A Marion County sheriff’s deputy was called to an Ocala elementary school Wednesday morning following reports of one third-grader threatening to shoot another one.
The assistant principal at Sunrise Elementary School, located at 375 Marion Oaks Crse., told the deputy that a third-grader went to his teacher and said that another student had threatened him. The student said that he had been asked a question and after answering it, he shouted out, “I got it right!” Another student then called him a racial epithet and “said that he would shoot him,” a sheriff’s office report states.
The third-grade teacher said the student admitted to making the statement. And she added that an 8-year-old girl sitting nearby heard the racial epithet but not the threat, the report says.

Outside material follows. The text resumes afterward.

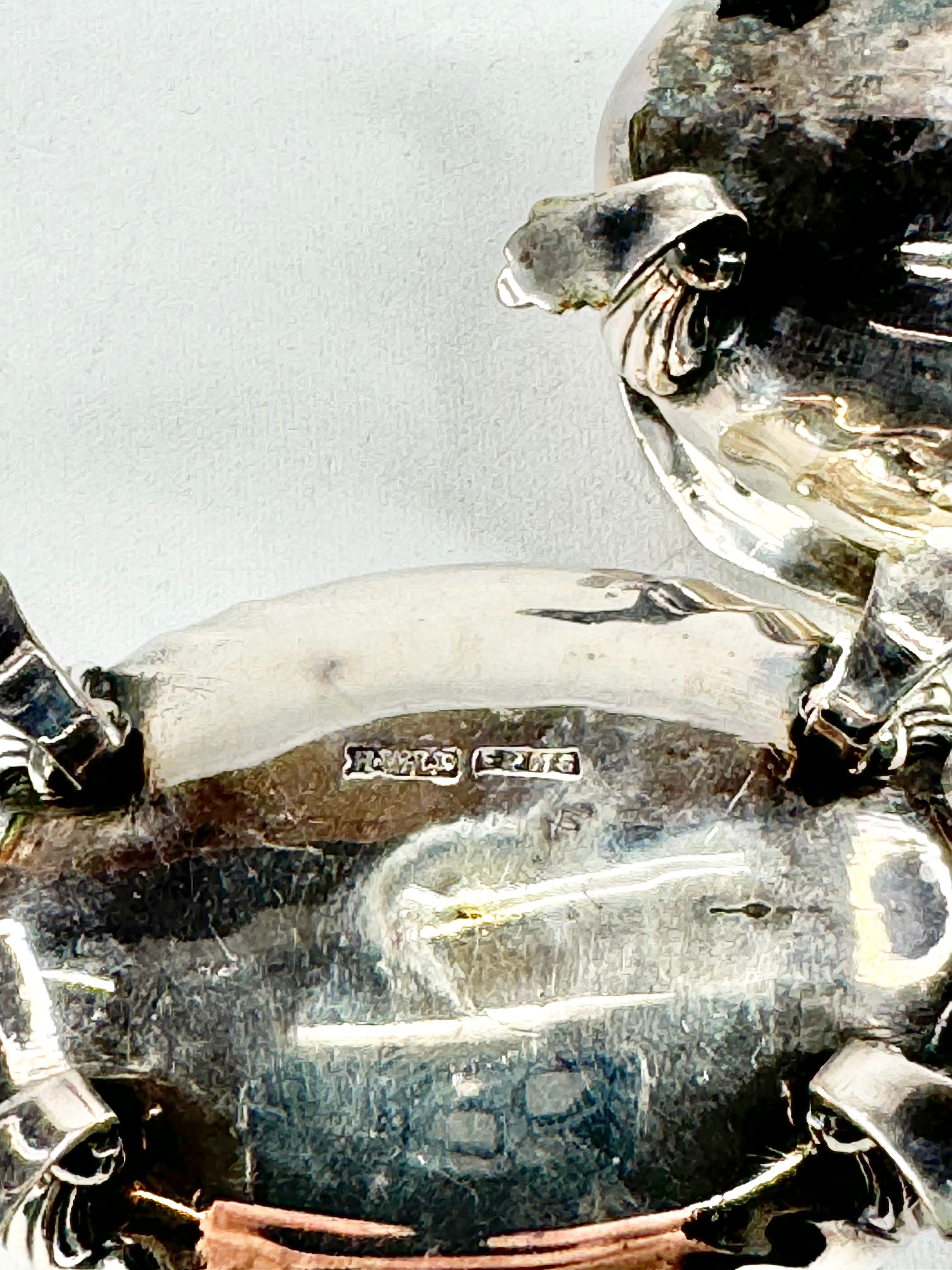 Vintage Silver-plated Salt Cellars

When asked about the incident by the deputy and the assistant principal, the student admitted to using the racial epithet but denied making the shooting threat. He said the only reason he admitted to making the statement to his teacher was “because he wanted her to stop asking” him about it. And he said his mother doesn’t own a gun and he doesn’t have access to a weapon, the report states.
The assistant principal contacted the Department of Children and Families and was told the agency wouldn’t be filing a report. After several failed attempts were made to contact the student’s mother, the deputy asked to have another deputy visit the student’s home, but he reported back that no one was there and he would continue to try to make contact with the mother.
The deputy then made contact with a sheriff’s sergeant who said she would continue to send night shift units to the boy’s home to attempt to make contact with his mother. The deputy also planned to notify the sheriff’s office’s crisis intervention specialist about the incident. And it was decided that the school would handle the disciplinary action against the student.